27. Ask the students to add the number +8 to the number -10. The resultant should be -2 which is the charge on oxygen in group VIA.

28. Distribute the worksheets from the associated file to the students.

29. Tell the students that there are many rules to follow in all disciplines but there are also exceptions. Explain that the diagram on the worksheet is just a generalization that can be used at this time to learn the charges on elements. Explain that the exceptions to these charges will be learned at a future date when they have amassed more information regarding the charges of elements as ions.

30. Explain to the students that there is a symmetry involved with the diagram and that they should be able to learn the sequence because of the symmetry.

31. Explain the symmetry: Start with +1 and increase by +1 until group IVA is reached at the halfway mark. Explain that group IVA is in the middle so it will be +4 or -4, i.e., it can lose four, +4 , or gain four, -4. Now decrease the numbers by -1 for each new group from IVA to VIIA. Explain that group VIIIA is zero, 0.

32. Explain that all of the “d” block, transition metals, can be considered +2 at sometime as they all have two “s” electrons that can be lost. Tell the students they will be taught the exceptions for these elements at a future date.

33. Tell the students that all of the elements in the “f” block can be +3 as they are almost all capable of that charge. Tell the students they will probably not learn any of the charges on “f,” inner-transition, elements.

34. You may explain at this time that all metals will ONLY form positive ions so that the groups on the far right of the periodic table will have metals toward the bottoms of the groups and so these will not follow the generalities shown by the diagram. Also explain that the nonmetals that are at the tops of these far right groups, are the elements that are most likely to be studied by the students and therefore, the diagram is most helpful in determining the most likely charges for those elements.

Steps #35 - #37, 20 minutes
35. Tell the students that there are terms used for positive and negative ions which are “cation” for positive and “anion” for negative. Tell the students that they can remember the “cation” is positive as it has a “positive” sign in it when the “t” is crossed.

36. Tell the students that they will have twenty minutes to work the problems on the worksheet that you distributed in #27.

37. Walk around the classroom to spot check the students as they work the problems. Help any students that might need further explanation regarding charges on ions.

Steps #38 - #39, 20 minutes
38. When the worksheets are completed by most students, call on individual students to give their answers for the problems.

39. The students should get these problems correct but if there are some students who do not seem to understand the charges, use this last advice for them: “The charges on ions will involve a number and sign. The number of the answer will always be the number of electrons. All you have to do is place a positive sign or negative sign in front of the number. Remember that electrons are negative so if an atom gains electrons, it is gaining negatives so the sign will be negative. The logic is the same with the loss of electrons; if an atom loses electrons, it is losing negatives and therefore the sign will be positive.”

Assessments

1. The teacher makes a formative assessment of the students and their understanding of the information in this lesson by subjective analysis of the students as they follow the lesson, work on the worksheet, and give their answers to the problems and questions on the worksheet.

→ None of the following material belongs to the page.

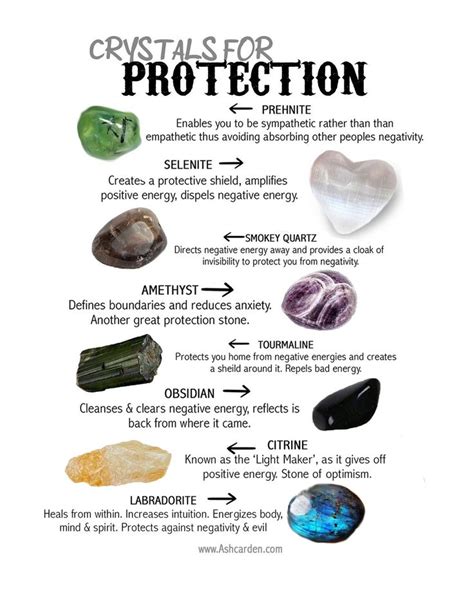 Protective Crystals VS Non-Protective Crystals: Guide 2025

2. The students are assessed by a summative assessment instrument, specific to this lesson and the information presented, if the teacher feels that mastery of the benchmark has been achieved. The summative assessment instrument, Charges of Ions-Test, is located in the associated file.

3. The summative assessment instrument can be used as a reinforcement tool rather than an assessment instrument if the teacher feels that this will result in a greater understanding of the material by the students.

Extensions

This lesson has been written for Chemistry, however, it can be used in general science classes employing textbooks that include information on charges of ions.